No capítulo primeiro, O Jardim do Éden: afinal de contas, algum
dia alguma coisa tinha de ter surgido do nada..., temos o início da
história, quando Sofia recebe dois cartões postais (além de um que era
direcionado a uma jovem chamada Hilde Knag), onde duas perguntas eram feitas:
“De onde vem o mundo” e “Quem é você”. Tais perguntas deixam Sofia perplexa. Na
escola, ela aprendera que o mundo foi criado em sete dias por Deus, mas
agora... tudo ficou confuso. Refletir sobre a vida e a origem do mundo mostrou
ser algo complicado a Sofia.
Em A Cartola: a única coisa que precisamos para nos tornarmos bons
filósofos é a capacidade de nos admirarmos com as coisas..., onde Alberto
(por meio de cartas) demonstra a Sofia que, de todos os hobbies, as questões
que dizem respeito a quem somos e de onde viemos deveriam interessar a todos.

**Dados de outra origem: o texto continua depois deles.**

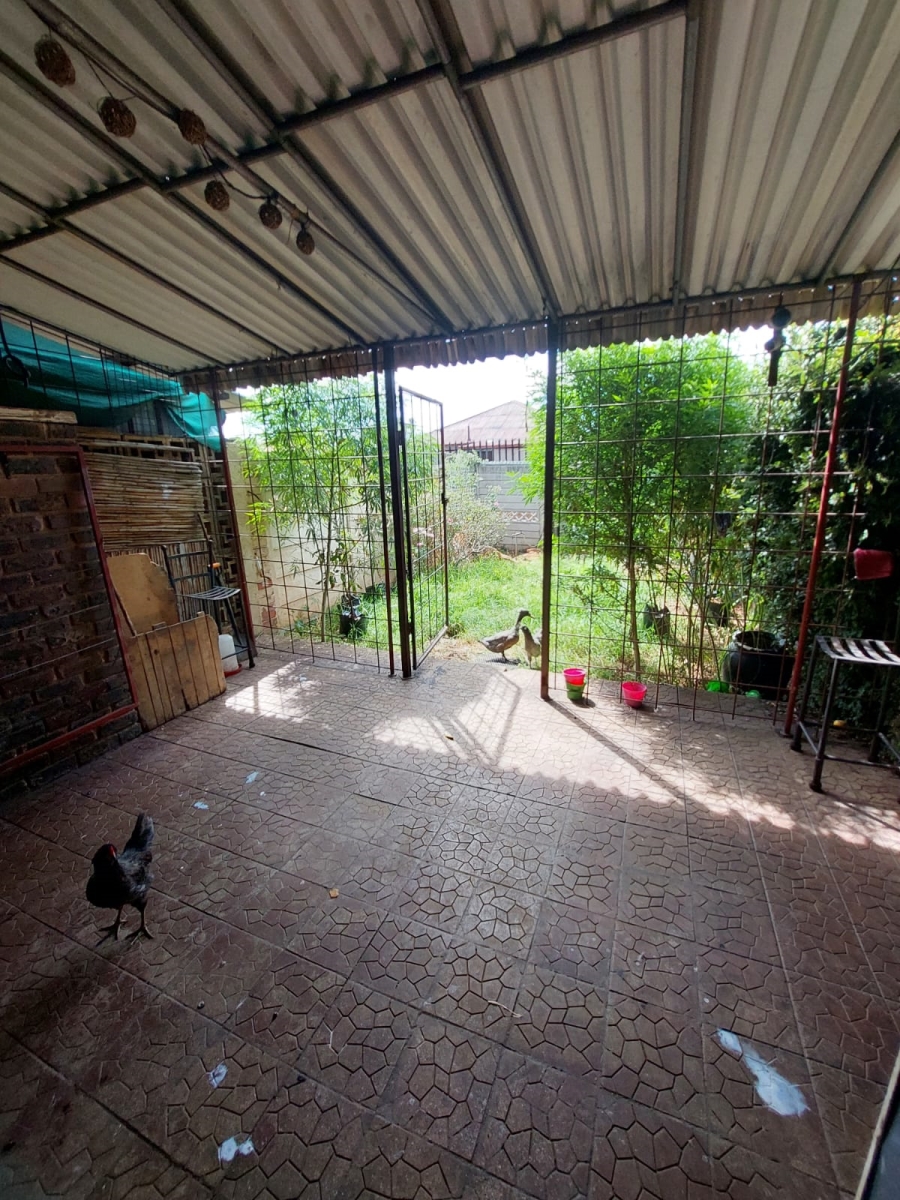 2 Bedroom Property for Sale in Brakpan Central Gauteng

Outros dois ponto de destaque no capítulo é a comparação do mundo com um coelho
na cartola e a comparação do Filósofo com um bebê. No primeiro caso, o mundo
seria um coelho, e nós os moradores que vivem na pelagem desse coelho. O
Filósofo seria sempre o ser que estaria nas partes mais externas da pelagem,
enquanto as pessoas comuns se reconfortariam no interior dessa pelagem. Já a
comparação do Filósofo a um bebê diz respeito à eterna capacidade de se admirar
com o mundo. Para um bebê, tudo é novo e estranho, ao contrário do adulto, para
quem o mundo é o que é: um dado sem mistério algum.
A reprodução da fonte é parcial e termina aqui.